Question

The number of positive integral solutions of $abc=30$ is?

Answer 1

Hint: In this question we need to find the number of positive integral solutions. So let us consider \[{\text{a b c}}\] as a distinct digit. By finding the factors of \[{\text{30}}\], we can find the digits and the number of ways they can be arranged. From that we can easily find out the number of solutions for the question given here.

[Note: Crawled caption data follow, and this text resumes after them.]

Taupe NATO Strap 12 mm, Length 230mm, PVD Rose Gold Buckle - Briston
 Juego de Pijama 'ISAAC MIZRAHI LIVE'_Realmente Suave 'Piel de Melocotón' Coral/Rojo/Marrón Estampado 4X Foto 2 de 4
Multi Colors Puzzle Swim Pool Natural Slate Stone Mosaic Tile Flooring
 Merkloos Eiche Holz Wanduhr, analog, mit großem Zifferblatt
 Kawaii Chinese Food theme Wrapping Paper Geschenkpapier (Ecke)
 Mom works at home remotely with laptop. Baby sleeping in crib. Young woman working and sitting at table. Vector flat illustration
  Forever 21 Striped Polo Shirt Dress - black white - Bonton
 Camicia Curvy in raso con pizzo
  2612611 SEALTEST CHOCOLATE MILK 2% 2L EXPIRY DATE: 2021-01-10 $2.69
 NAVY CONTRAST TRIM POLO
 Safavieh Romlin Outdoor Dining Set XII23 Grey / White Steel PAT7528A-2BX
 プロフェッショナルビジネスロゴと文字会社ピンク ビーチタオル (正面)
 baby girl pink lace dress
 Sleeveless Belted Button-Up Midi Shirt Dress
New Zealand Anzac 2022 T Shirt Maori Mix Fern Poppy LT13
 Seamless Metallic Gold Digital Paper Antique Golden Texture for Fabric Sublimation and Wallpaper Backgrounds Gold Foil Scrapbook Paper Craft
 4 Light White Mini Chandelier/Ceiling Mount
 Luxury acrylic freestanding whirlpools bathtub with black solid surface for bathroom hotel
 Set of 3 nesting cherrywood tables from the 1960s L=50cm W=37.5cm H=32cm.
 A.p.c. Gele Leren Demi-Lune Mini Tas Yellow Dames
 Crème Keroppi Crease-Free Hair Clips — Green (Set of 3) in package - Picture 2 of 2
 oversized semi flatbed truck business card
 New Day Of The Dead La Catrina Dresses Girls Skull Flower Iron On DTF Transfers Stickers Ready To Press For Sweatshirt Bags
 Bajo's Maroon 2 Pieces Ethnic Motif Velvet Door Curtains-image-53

Complete step by step answer:
We are given the number of positive integral solutions \[{\text{a b c}} = 30\]
Let us consider that \[{\text{a b c}}\] as a distinct digit.
Factors of \[{\text{30}}\] are \[{\text{1,2,3,5,6,10,15,30}}\].
Among them we can choose the prime factors.
A number which has exactly two factors, number \[{\text{1}}\] and the number itself is called a prime number. According to this, the prime number which has turned into the factors of \[{\text{30}}\] is \[{\text{2,3,5}}\].
\[{\text{a b c}} \Rightarrow \] is a three digit number and we also found three prime factors \[{\text{2,3,5}}\].
Therefore \[{\text{2}}\] can be assigned as \[{\text{a}}\],\[{\text{b}}\] or \[{\text{c}}\], thus we have three options. Similarly \[{\text{3}}\] and \[{\text{5}}\] can also be assigned as \[{\text{a}}\],\[{\text{b}}\] or \[{\text{c}}\] and we have three options for each \[{\text{3}}\] and \[{\text{5}}\].
Hence the number of possible solutions \[{\text{ = 3}} \times {\text{3}} \times {\text{3 = 27}}\].
Therefore the number of positive integral solutions of \[{\text{a b c}} = 30\] is \[27\].

Note:
Alternative Method:
There is also another method to solve this same question without choosing the prime factors. Let us write the possibility of getting \[{\text{30}}\] by multiplying three numbers as we have \[{\text{a b c}}\] here.
\[2 \times 3 \times 5 = 30\], here the possibility of \[{\text{2}}\] is three that is can be as \[{\text{a}}\],\[{\text{b}}\] or \[{\text{c}}\]. This can be say as \[3!\].
Similarly, \[3 \times 10 \times 1 = 30 \Rightarrow 3!\]
\[5 \times 6 \times 1 = 30 \Rightarrow 3!\]
\[15 \times 2 \times 1 = 30 \Rightarrow 3!\]
\[30 \times 1 \times 1 = 30\], and here the possibility of \[30\] is three and it can be as \[{\text{a}}\],\[{\text{b}}\] or \[{\text{c}}\] and the possibility of \[1\] can be both of the digits at a time, this can be written as \[\dfrac{{3!}}{{2!}}\].
Thus the number of solutions \[ = 3! + 3! + 3! + 3! + \dfrac{{3!}}{{2!}}\]
This can be shortly written as:
\[ = (3! \times 4) + \dfrac{{3!}}{{2!}}\]
Expanding the factorials,
\[ = ((3 \times 2 \times 1) \times 4) + \dfrac{{3 \times 2 \times 1}}{{2 \times 1}}\]
Performing multiplication,
\[ = 6 \times 4 + \dfrac{6}{2}\]
Now multiplying \[6 \times 4\] we will get \[24\] and dividing \[\dfrac{6}{2}\] we will get 3,
\[ = 24 + 3\]
Finally adding the numbers we will get,
\[ = 27\]
Therefore the number of positive integral solutions of \[{\text{a b c}} = 30\] is \[27\].